# What is required
Within the entries below, find the portion that opens with the line containing "BOSCH - Niveau laser UniversalWallLevel" and closes with the line containing "Hotel Vishnu Inn Dehradun Eksteriør billede". Retype that portion exactly and only.

Web page caption snippets
_____

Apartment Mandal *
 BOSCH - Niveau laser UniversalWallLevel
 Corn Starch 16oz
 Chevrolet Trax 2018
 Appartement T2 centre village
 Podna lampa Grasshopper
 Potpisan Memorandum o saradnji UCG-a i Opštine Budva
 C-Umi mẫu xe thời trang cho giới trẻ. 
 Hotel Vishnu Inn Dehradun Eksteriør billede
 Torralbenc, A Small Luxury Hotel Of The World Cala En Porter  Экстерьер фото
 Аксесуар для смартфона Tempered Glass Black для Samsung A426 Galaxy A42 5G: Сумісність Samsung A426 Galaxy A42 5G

_____

# Solution to this task
 BOSCH - Niveau laser UniversalWallLevel
 Corn Starch 16oz
 Chevrolet Trax 2018
 Appartement T2 centre village
 Podna lampa Grasshopper
 Potpisan Memorandum o saradnji UCG-a i Opštine Budva
 C-Umi mẫu xe thời trang cho giới trẻ. 
 Hotel Vishnu Inn Dehradun Eksteriør billede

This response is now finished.